**DATA BELOW**

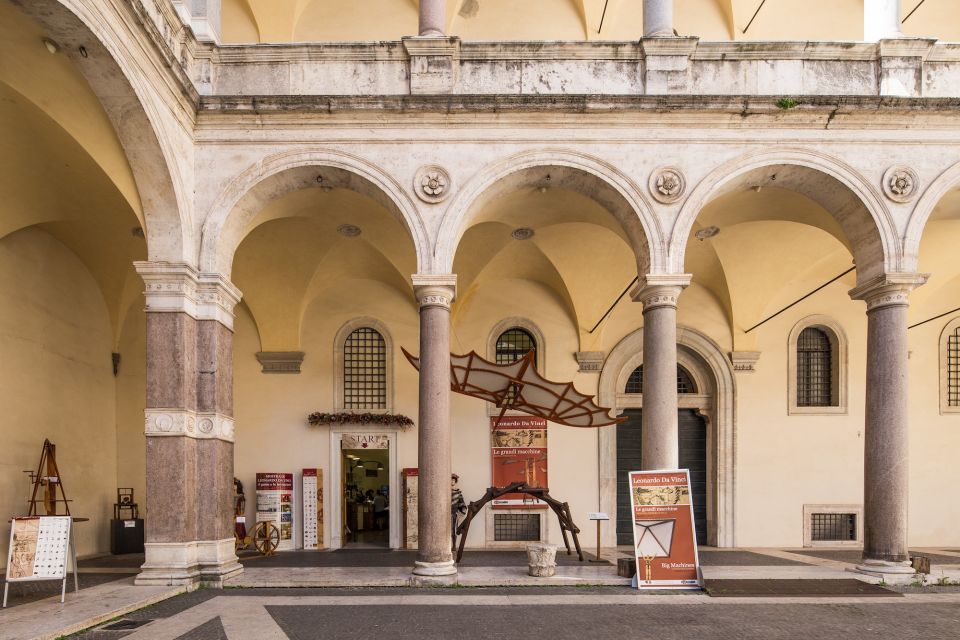 Rome: Leonardo da Vinci Exhibition Entrance Ticket - The audio/headphones option: worth using if you like context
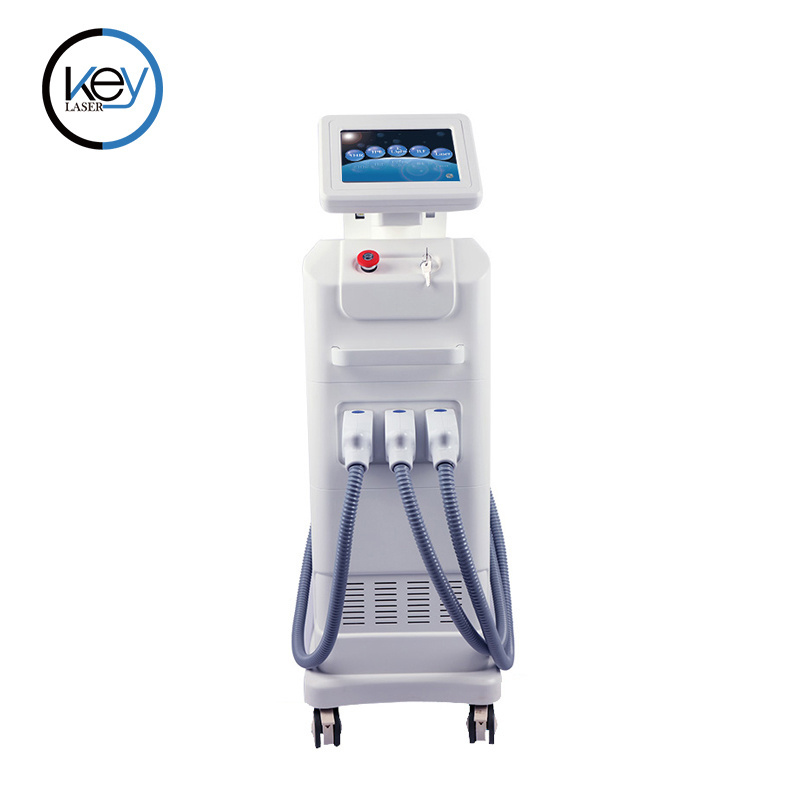 5 In 1 OPT + IPL+ Rf+ Nd YAG+diode laser multi function permanent tattoo removal hair removal spa supplies beauty equipment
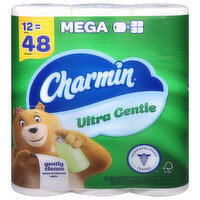 Charmin Bathroom Tissue, Ultra Gentle, Mega, 2-Ply, 12 Each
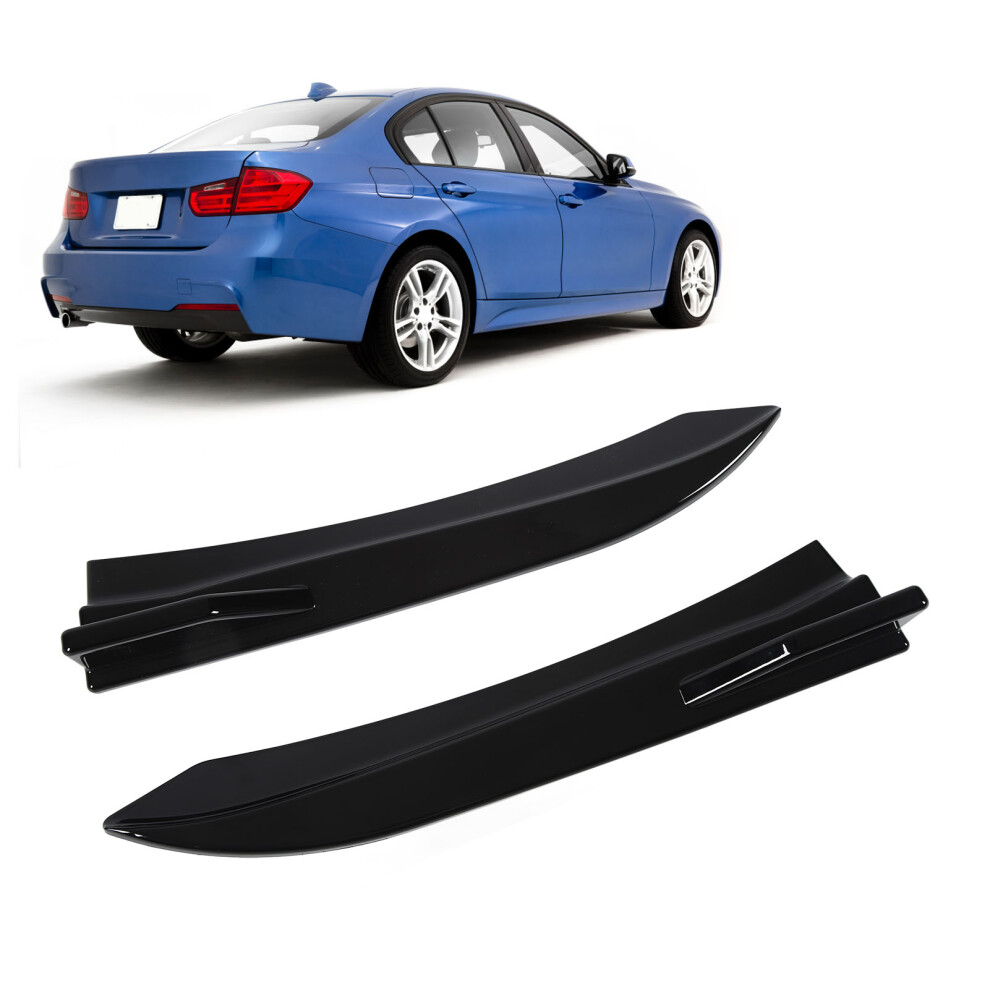 Glossy Rear Bumper Side Spoiler For Bmw F30 Black 7340572918369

**GOAL OF THE EXERCISE**
Stop at the line containing "Charmin Bathroom Tissue, Ultra" and include it. Everything from the first line of the material up to there is to be repeated exactly, leaving out pictures.

**TASK RESPONSE**
 Rome: Leonardo da Vinci Exhibition Entrance Ticket - The audio/headphones option: worth using if you like context
 5 In 1 OPT + IPL+ Rf+ Nd YAG+diode laser multi function permanent tattoo removal hair removal spa supplies beauty equipment
 Charmin Bathroom Tissue, Ultra Gentle, Mega, 2-Ply, 12 Each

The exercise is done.